Ride or Die
Dirigida por F. Gary Gray (La estafa maestra, Straight Outta Compton, entre otras), la octava entrega de la saga que supo ganarse el corazón de (casi) todos a lo largo de dieciséis años, funciona como un pretexto más para subirse al auto tuneado de ocasión y apretar el acelerador. Rápidos y furiosos fue creciendo a la par de los músculos de The Rock, sobre todo a partir de la quinta película, hasta convertirse en una de las mejores franquicias de la actualidad, un logro que no se consiguió a través de una reputación literaria (como lo hizo Harry Potter) y menos actoral. En Rápidos y furiosos no hay un argumento que brille por su originalidad ni efectos especiales rimbombantes. Tampoco hay lugar para sutilezas. Lo que hay es puro nervio cinematográfico, de ese que exhibe cada entrega de Misión Imposible o, en menor medida, la saga de Jason Bourne.

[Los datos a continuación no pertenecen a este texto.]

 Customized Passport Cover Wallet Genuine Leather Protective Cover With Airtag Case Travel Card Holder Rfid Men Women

De la mano de Justin Lin, la saga fue virando progresivamente hacia la acción más desenfrenada hasta alcanzar su punto caramelo con la quinta de la serie, que supo explotar cada aspecto de la franquicia al máximo y transformarlo en comedia –los cada vez más marcados one liners de Dom, los cuerpos desproporcionadamente musculosos, la rivalidad entre Tej y Roman, convertida en el comic relief de la saga, y el duelo humorístico devenido bromance entre Statham y The Rock–. La inteligente mezcla, cada vez más aceitada, entre comedia, escenas de súper acción y tipos capaces de volar solo puede funcionar en un contexto tan autoconsciente de sus excesos como este, en el que Toretto y su pandilla se parecen más a personajes de Marvel que a protagonistas de cine de acción. Este octavo capítulo vuelve a confirmar que estamos frente a un universo de superhéroes en el que Dwayne Johnson puede romper las esposas de sus muñecas por la mitad como si fueran grisines y levantar a tipos del cuello como lo haría Hulk, y en el que los protagonistas hacen alarde de una cantidad de saberes hipertecnológicos absolutamente ridícula.

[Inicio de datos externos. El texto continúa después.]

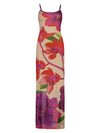 Hire WITH HARPER LU Slip Dress in Mesh Fuchsia Bloom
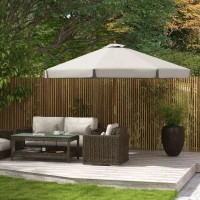Outsunny Sombrilla de Jardín Ø325 cm con Sistema de Polea Techo de Ventilación y 8 Varillas de Bambú para Patio Terraza Gris(m-2)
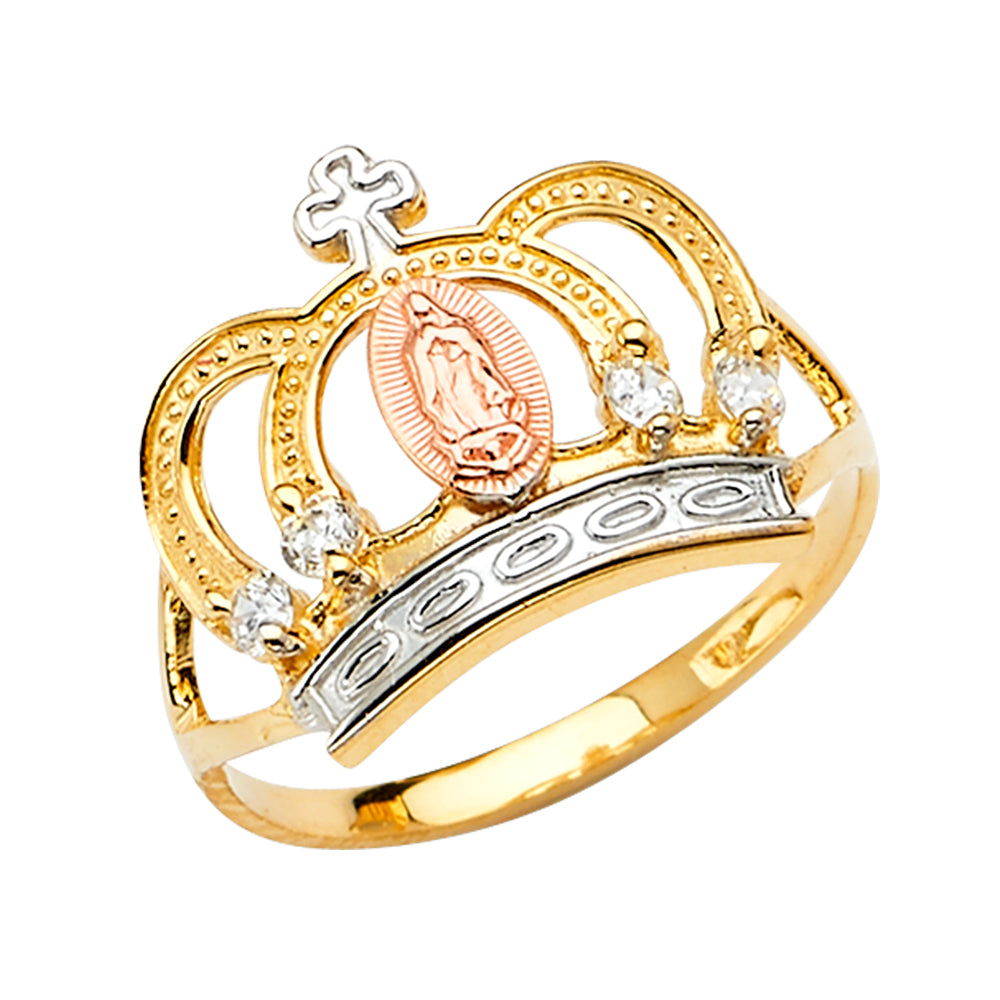 14K Yellow White Rose Gold Guadalupe Crown CZ Ring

El goce por la destrucción –vean la gloriosa escena de la lluvia de autos estrellándose contra el pavimento de las calles de Nueva York, cuya exacerbación es digna del mejor slapstick– la convierte en una película puramente lúdica donde una locación inventada en Rusia puede transformarse en una gigantesca pista de hielo para patinar sobre autos de alta gama, motos de nieve, tanques y submarinos que se lanzan misiles para hundirse unos a otros como si jugaran a la Batalla naval. Y como si esto fuera poco, hay otra secuencia de acción extraordinaria en una prisión de máxima seguridad, quizás el momento más maravilloso de los últimos años, que incluye a Jason Statham, un bebé y un avión en pleno vuelo que sirve como cuna para una explosión de humor y acción imparable.
Rápidos y furiosos 8 nunca deja de ser placentera, ni siquiera en los momentos más oscuros y dramáticos, de los que entra y sale con una gran habilidad para volver siempre a su estado natural, rabiosamente grasa y feliz.